Three Questions about Risk and Worry

“Read the part again where Chicken Little lets his insurance lapse.”

Leave it to the madcap monks of 1662 to come up with this bit of wisdom:

“Fear of harm ought to be proportional not merely to the gravity of the harm, but also to the probability of the event.”*

In modern language this means if something is highly dangerous but unlikely, don’t worry. If something is highly likely but not dangerous, don’t worry. If something is highly dangerous and highly likely, worry!

Here are my three questions.

1. What things are you worried about that are dangerous but unlikely? Meteor hitting Bellingham? Terrorist attack in Ferndale? Mt. Baker erupting and lava flowing down Meridian? These are unlikely, so relax.

2. What things are you worried about that are likely but not dangerous? Hat hair in public? A scary but harmless nightmare? Locking your keys in your car? These are no big deal, so relax.

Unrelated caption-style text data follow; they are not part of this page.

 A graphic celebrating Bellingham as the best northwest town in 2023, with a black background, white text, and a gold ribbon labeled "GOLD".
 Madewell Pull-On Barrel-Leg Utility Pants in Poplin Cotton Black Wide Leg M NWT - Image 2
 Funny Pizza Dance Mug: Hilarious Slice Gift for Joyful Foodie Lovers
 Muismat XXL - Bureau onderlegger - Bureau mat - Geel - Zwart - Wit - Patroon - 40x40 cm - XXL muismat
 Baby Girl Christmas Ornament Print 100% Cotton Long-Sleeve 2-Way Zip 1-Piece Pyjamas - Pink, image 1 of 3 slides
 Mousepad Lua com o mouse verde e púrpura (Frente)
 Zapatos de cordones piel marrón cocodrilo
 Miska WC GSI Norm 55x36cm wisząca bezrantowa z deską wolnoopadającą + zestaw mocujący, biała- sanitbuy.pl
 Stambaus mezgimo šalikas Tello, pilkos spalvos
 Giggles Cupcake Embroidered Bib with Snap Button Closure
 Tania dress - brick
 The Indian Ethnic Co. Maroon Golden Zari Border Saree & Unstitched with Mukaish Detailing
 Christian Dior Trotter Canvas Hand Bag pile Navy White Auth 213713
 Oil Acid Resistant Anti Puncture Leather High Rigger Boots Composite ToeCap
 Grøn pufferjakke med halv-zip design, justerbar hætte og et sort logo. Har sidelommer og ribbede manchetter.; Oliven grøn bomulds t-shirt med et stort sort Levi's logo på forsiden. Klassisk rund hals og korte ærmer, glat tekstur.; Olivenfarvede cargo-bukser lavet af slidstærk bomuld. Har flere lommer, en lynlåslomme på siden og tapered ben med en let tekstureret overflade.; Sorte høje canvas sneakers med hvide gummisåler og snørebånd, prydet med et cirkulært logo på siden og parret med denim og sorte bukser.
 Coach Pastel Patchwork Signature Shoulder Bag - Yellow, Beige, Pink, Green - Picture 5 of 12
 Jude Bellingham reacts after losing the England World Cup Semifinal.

3. Why worry about things that are highly dangerous and highly likely? Worrying won’t stop unpleasant things from happening. Instead of worrying, take precautions–buy auto, health, and home insurance, don’t eat so much bacon, floss, look both ways before you cross the street. And relax.

————–

*From the book LOGIC, 1662, published by the Port Royal Monastery, quoted in Against the Gods, Bernstein, p. 99.